Catharine appears in his reminiscence as another version of Anne and a male nurse in the final scene, Bill (Mark Gatiss), is a Paul substitute in another part. The audience is sometimes as confused as Anthony.
However, it is Zeller’s cinematic trick. What we are seeing is Anthony cobbling together fragments of his life before inevitably being placed in full-time care. His images of the two Annes, the two Pauls and the two Lucys (she turns up in a later scene, apparently just before death on a hospital gurney) mirror those of his confused mind.
He remembers small pieces of scenes he has witnessed but cannot correctly connect them to any kind of order or understanding. Forgetting where he has left his watch and accusing his carer of stealing and physical violence committed by the Bill/Paul character suggest two of the scourges of institutional life. Are these imagined or real?
To achieve this, you need a special performer and in Hopkins they could not have been more accurate in choice. It is a stand-out depiction of curmudgeonly old age withering into self-doubt from an actor in his seventh decade of his craft.
Hopkins first on-screen role was in a 1960s TV series A Matter of Degrees and he probably first came to notice with a cinematic public in 1968, playing Richard with Peter O’Toole (Henry II) and Katharine Hepburn (Eleanor of Aquitaine) in The Lion in Winter.

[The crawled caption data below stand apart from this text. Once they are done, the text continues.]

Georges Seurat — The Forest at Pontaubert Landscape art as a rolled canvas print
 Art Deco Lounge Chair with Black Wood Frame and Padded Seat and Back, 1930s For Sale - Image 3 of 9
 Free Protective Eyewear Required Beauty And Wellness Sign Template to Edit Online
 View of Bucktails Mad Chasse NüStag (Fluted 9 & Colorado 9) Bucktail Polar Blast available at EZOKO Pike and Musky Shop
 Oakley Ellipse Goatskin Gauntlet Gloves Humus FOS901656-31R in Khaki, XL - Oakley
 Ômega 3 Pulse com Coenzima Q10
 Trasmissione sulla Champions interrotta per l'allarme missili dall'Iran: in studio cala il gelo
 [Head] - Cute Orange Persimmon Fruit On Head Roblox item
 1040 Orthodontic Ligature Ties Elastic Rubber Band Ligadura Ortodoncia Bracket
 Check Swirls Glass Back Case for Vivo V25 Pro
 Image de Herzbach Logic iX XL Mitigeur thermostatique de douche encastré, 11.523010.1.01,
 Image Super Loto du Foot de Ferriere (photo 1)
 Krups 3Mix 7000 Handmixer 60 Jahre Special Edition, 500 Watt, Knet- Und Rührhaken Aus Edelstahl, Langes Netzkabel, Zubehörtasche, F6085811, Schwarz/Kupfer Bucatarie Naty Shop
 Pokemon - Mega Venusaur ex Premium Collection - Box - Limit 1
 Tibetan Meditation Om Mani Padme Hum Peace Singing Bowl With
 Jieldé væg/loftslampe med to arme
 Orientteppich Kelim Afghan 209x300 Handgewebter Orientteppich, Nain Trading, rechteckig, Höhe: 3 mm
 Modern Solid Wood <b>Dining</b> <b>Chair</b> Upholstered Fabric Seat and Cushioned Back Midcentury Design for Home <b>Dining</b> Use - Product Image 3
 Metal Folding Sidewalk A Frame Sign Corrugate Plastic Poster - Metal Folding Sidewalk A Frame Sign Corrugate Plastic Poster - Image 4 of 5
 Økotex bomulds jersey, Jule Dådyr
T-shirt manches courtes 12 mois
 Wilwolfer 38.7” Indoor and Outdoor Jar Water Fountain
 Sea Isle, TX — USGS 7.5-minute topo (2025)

In this he was Richard Burton Light but later shook off the yoke of his fellow Welshman to create his own style.
He was the sympathetic Doctor Frederick Treves to John Hurt’s The Elephant Man (1980) but gained global prominence with his Hannibal Lechter in The Silence of the Lambs (1991). It is testament to that role that it needs no explanation.
It was the first of two Oscars for Best Actor and his second, for The Father, is as equally deserved.
Colman continues her recent fine body of work as Anne. Patient and understanding, she is the template for daughters across the world having to face the situation of having to put a parent in a nursing home. “Am I being selfish or do I have the right to a life too?” radiates unsaid from her expressions.
The Father is a movie of merit, beautifully brought to cinematic life by its author.